### Provided data

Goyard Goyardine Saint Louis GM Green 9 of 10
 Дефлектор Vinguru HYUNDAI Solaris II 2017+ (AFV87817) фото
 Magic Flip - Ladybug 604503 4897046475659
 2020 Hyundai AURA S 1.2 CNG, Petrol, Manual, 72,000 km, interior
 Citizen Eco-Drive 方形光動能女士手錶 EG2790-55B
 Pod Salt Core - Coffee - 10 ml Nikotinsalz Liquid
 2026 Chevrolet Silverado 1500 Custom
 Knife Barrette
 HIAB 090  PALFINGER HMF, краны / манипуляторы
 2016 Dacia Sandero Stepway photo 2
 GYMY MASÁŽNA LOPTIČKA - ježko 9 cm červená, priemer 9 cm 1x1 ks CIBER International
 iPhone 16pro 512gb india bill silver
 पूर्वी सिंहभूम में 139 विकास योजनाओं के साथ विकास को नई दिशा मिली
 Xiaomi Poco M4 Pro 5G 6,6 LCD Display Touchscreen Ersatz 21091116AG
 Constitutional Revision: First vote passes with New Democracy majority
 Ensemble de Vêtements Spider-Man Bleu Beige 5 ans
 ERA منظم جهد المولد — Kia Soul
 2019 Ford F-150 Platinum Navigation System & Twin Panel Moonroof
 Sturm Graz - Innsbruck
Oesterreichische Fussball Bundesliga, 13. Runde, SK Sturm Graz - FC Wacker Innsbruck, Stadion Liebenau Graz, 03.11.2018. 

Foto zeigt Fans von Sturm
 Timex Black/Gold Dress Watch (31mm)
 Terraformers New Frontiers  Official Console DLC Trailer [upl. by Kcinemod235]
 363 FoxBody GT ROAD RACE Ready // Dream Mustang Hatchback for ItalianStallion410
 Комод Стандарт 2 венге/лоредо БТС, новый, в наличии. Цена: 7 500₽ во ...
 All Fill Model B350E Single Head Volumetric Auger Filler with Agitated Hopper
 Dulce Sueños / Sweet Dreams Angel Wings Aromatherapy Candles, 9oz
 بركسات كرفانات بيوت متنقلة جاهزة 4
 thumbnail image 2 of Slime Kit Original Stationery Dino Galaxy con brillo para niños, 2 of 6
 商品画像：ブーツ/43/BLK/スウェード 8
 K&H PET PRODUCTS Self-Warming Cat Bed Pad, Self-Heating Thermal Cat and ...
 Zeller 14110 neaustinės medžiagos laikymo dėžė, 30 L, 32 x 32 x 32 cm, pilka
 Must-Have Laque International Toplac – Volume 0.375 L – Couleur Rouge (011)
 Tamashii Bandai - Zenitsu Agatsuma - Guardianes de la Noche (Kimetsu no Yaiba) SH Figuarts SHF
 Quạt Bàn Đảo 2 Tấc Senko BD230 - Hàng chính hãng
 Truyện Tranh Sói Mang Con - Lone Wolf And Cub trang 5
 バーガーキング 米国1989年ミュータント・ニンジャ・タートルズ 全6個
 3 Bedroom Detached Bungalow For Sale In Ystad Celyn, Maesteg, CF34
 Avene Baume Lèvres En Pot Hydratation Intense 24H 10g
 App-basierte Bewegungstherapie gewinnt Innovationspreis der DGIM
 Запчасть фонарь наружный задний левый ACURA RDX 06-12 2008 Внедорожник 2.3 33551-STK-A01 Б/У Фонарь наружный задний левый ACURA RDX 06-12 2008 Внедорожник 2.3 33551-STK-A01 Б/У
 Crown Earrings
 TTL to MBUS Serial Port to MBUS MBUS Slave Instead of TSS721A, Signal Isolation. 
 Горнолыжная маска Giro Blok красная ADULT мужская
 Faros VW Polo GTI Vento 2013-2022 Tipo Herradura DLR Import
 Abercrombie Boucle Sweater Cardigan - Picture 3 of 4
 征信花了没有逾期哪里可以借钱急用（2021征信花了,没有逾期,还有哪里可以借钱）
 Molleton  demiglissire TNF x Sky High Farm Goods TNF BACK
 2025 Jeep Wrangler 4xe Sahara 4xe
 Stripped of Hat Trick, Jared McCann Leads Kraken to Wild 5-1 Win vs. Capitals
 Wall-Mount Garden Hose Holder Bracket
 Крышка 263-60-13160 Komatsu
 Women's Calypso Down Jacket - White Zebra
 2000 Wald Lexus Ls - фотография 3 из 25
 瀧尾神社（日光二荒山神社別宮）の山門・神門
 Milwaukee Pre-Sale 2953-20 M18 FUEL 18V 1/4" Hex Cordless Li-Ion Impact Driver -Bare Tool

######

# Task item:
Only the lines containing the word "Graz" should be returned from the data above.

# Result of the task:
 Sturm Graz - Innsbruck
Oesterreichische Fussball Bundesliga, 13. Runde, SK Sturm Graz - FC Wacker Innsbruck, Stadion Liebenau Graz, 03.11.2018. 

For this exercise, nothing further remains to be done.